Phylogenomics of ancient and modern pathogens with AMPHY
Frédéric Lemoine1, Nicolás Rascovan1
1 Institut Pasteur, Paris, France
Whole genome phylogenetics has become a common tool in ancient and modern pathogen genomics. Although different labs established somehow converging methodologies to perform this type of analysis, open-source automated pipelines are currently missing. To fill this gap, we developed AMPHY (Ancient and Modern PHYlogenomics), a Nextflow (nextflow.io) workflow that performs phylogenetic analyses of ancient and modern genomes from raw sequencing data.
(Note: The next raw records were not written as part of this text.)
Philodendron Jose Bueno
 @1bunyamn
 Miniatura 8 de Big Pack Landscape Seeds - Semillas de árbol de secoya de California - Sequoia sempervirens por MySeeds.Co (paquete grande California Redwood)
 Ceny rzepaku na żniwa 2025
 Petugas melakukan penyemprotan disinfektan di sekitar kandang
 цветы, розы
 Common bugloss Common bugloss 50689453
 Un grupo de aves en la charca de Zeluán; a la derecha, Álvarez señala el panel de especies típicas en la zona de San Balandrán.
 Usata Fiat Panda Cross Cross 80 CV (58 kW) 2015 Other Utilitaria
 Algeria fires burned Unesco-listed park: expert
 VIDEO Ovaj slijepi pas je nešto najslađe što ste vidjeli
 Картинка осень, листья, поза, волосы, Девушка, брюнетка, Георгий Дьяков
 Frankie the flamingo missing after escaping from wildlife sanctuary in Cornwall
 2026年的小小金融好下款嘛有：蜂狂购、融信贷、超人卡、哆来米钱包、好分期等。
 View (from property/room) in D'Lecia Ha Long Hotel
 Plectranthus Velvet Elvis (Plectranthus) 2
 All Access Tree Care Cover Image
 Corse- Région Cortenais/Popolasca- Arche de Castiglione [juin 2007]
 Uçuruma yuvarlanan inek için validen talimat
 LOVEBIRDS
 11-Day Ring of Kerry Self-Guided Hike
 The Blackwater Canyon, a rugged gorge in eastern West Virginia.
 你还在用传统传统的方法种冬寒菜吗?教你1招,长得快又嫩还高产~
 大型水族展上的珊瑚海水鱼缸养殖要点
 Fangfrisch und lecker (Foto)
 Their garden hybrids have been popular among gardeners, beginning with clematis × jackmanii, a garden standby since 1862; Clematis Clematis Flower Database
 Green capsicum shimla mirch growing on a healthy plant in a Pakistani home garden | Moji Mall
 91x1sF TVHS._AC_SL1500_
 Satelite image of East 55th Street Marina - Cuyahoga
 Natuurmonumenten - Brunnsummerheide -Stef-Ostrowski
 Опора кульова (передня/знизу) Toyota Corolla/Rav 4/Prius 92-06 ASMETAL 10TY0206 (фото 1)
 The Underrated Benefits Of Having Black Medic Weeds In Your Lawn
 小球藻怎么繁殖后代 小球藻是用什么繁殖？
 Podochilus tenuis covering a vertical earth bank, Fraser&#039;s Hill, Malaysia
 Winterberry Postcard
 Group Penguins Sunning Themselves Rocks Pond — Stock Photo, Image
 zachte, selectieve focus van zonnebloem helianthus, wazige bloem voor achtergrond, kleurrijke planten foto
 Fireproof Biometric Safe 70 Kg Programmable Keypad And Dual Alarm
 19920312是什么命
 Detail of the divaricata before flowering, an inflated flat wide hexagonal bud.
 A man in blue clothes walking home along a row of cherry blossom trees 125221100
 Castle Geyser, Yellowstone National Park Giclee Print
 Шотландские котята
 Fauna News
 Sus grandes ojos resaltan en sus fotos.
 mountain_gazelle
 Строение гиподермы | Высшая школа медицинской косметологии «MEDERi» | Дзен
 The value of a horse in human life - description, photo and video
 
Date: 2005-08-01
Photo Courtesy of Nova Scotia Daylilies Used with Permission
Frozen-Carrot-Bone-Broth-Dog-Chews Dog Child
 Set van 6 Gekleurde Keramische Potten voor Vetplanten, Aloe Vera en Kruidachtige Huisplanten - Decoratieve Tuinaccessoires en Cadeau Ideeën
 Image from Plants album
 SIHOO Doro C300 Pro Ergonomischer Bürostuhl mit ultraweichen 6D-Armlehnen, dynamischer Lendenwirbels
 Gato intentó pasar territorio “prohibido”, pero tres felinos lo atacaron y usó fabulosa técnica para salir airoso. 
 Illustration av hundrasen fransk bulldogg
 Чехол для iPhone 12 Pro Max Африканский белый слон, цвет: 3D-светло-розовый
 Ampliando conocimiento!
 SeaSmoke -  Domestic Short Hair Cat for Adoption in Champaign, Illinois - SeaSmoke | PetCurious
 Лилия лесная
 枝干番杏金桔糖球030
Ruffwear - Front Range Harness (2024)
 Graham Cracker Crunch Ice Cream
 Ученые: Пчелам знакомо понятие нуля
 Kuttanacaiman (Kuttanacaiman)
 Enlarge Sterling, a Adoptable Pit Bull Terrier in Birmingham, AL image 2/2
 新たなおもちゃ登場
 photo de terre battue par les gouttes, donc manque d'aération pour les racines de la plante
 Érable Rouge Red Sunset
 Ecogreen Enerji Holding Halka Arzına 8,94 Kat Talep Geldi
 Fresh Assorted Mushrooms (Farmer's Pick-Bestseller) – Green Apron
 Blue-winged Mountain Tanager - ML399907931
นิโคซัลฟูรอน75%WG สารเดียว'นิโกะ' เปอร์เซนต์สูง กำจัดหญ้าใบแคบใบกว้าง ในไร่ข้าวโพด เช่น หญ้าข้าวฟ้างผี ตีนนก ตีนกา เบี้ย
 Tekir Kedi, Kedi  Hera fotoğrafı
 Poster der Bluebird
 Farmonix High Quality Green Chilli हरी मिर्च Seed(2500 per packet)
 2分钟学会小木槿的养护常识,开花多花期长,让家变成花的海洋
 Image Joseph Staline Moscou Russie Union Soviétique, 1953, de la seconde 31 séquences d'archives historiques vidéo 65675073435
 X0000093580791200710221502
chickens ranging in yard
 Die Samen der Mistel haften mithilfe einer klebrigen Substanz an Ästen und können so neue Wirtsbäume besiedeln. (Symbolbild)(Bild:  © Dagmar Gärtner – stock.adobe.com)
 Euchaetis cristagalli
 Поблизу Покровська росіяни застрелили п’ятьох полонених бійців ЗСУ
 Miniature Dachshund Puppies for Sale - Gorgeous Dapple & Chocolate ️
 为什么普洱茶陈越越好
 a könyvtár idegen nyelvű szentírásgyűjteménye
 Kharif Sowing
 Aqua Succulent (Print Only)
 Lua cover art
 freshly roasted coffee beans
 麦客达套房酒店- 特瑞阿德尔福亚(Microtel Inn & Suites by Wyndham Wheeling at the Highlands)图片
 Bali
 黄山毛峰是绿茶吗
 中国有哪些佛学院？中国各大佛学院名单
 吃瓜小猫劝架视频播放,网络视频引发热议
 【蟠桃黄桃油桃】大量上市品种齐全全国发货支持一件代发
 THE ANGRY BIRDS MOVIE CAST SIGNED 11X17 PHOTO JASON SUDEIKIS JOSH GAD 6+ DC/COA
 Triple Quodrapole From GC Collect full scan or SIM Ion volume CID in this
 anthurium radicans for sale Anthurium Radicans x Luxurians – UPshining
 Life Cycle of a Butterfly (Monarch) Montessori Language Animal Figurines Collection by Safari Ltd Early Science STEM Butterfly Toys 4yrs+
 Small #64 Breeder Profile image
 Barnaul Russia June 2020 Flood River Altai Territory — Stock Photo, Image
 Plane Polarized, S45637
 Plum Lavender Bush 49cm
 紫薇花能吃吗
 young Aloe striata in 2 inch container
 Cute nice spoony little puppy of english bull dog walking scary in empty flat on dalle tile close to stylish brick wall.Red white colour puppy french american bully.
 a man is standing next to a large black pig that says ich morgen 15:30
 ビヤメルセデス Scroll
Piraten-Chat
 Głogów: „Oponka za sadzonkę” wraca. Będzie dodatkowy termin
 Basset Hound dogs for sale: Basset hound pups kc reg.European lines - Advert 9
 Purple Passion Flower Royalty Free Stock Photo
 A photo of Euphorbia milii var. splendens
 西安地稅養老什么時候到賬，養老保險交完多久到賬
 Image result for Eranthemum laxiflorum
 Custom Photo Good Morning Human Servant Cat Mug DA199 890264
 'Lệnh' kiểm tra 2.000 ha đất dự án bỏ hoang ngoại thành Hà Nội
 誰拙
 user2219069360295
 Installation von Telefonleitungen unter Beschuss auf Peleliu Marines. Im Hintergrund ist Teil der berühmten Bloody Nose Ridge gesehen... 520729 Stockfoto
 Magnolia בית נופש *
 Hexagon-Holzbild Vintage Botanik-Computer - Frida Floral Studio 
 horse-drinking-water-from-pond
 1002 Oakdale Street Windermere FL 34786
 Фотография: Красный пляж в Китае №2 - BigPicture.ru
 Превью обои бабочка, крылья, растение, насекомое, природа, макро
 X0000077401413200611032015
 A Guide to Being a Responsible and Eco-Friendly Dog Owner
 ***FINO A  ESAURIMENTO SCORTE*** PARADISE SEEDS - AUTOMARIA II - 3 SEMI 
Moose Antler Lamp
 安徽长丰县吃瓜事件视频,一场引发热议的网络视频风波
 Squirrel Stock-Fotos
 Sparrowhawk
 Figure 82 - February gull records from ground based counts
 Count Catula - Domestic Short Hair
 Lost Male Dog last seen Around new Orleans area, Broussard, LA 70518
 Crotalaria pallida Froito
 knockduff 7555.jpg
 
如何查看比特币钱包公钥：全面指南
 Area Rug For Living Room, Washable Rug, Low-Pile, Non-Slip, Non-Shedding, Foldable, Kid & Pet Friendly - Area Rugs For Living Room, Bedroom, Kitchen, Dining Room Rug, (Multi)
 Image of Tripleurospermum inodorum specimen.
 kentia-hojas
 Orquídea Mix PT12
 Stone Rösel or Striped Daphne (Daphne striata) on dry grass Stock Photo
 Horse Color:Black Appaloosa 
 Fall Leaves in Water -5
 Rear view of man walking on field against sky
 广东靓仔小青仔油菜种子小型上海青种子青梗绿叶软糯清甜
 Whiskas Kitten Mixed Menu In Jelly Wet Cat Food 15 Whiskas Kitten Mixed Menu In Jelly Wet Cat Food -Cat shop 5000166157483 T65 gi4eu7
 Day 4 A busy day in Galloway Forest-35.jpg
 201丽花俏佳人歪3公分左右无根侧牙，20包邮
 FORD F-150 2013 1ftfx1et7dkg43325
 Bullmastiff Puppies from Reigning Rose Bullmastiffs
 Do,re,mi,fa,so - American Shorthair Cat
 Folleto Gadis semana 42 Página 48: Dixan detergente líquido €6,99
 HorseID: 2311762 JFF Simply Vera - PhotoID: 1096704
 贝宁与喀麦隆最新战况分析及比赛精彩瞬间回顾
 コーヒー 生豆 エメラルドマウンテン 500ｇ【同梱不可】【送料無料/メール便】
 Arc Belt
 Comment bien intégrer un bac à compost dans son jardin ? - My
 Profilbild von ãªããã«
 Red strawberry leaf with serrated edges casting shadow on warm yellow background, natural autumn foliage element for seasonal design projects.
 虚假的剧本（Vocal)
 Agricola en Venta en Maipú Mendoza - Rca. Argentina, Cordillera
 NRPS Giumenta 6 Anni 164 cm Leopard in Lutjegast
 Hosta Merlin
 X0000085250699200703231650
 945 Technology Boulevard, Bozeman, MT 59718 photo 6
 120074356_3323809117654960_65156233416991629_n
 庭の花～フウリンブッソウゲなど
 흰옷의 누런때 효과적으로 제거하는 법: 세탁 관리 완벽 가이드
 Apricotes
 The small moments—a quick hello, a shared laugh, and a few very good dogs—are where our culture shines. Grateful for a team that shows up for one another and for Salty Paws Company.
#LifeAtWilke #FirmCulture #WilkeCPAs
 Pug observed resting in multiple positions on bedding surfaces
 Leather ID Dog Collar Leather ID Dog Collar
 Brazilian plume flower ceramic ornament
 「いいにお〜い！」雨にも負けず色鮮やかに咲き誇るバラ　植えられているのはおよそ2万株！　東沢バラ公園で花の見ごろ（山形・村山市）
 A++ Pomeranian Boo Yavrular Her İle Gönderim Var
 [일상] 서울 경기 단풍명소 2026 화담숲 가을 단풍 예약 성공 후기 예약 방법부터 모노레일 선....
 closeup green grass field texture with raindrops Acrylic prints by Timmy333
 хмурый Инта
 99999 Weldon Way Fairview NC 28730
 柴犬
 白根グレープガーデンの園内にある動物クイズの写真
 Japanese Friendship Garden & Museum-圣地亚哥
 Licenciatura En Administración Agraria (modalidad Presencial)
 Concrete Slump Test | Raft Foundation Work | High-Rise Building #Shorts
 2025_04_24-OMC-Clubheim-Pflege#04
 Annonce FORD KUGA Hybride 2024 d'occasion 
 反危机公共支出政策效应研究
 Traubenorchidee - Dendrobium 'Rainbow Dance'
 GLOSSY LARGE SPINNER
AMPHY can use local fastq files or automatically download raw sequencing data from public databases (e.g., ENA, SRA) and already assembled genomes (e.g, NCBI RefSeq), simulating reads from the latter to standardize input data. It then performs the classic steps from raw data to variant calling, including adapter removal and quality trimming, mapping into a reference genome, merging of bam files from the same sample, duplicates removal, ancient DNA damage correction and variant calling. AMPHY will then place single nucleotide variants (SNV) into the reference genome backbone, retrieve coding sequences, concatenate core genes, and build Maximum-Likelihood phylogenetic trees. Importantly, AMPHY is scalable to hundreds of genomes, as it includes optimized solutions depending on the number of genomes being analyzed, including tailored model selection and software parameters. AMPHY is currently under development, and new planned features include phylogenetic placement of very low-covered genomes, automated phylogenetically-guided pathogen detection and phylogenetic-driven visualization of SNV. We will illustrate AMPHY functionalities on a dataset made of ancient and modern strains of Yersinia pestis, that retrace the history of plague epidemics.